Motorola isn't being particularly secretive about its upcoming Moto Z flagship, largely because, thanks to restrictions in its size and shape due to the company's commitment to Moto Mods, we basically know what it will look like.
The first clue was at the company's recent MWC press conference, where the phone was basically shown off during a tease of upcoming Moto Mods. Recall the following photo of the forthcoming Gamepad Moto Mod. That's no Moto G5, nor is it a mistake; it's the Moto Z 2017, newly-shaped fingerprint sensor and all.
And this week, Sprint and Motorola teamed up to show off the network's upcoming Gigabit LTE service in the New Orleans area. During a New Orleans Pelicans vs. Toronto Raptors basketball game (which my home team won, btw!), the carrier showed off the service to select analysts on a Motorola device running the upcoming Gigabit LTE-capable Snapdragon 835 chipset.

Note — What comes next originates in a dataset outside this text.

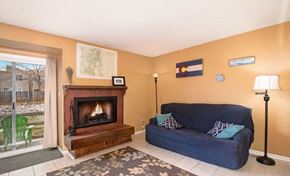 Fort Collins apartment for rent - A living room with a fireplace and a blue couch.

As you can tell, the Motorola phone has no particular shape in that photo, as its aesthetic is being constrained by a boxy cover and tapes around the edges. A Sprint release also acknowledges the collaboration:
Motorola showcased the blazing-fast, high-bandwidth capability of a forthcoming flagship smartphone based on the Qualcomm® Snapdragon™ 835 mobile platform with an integrated Snapdragon X16 LTE modem, supporting Gigabit Class LTE.
Sprint says that it used a combination of "three-channel carrier aggregation and 60 MHz of Sprint's 2.5 GHz spectrum in combination with 4X4 MIMO (Multiple Input Multiple Output) and 256-QAM higher order modulation to achieve incredible Category 16 LTE download data speeds on a TDD network." In other words, the carrier is finally making good use of its extensive high-band spectrum — the same stuff is tried to make work on WiMAX a few years ago — for what is potentially the fastest live network performance in the U.S. right now.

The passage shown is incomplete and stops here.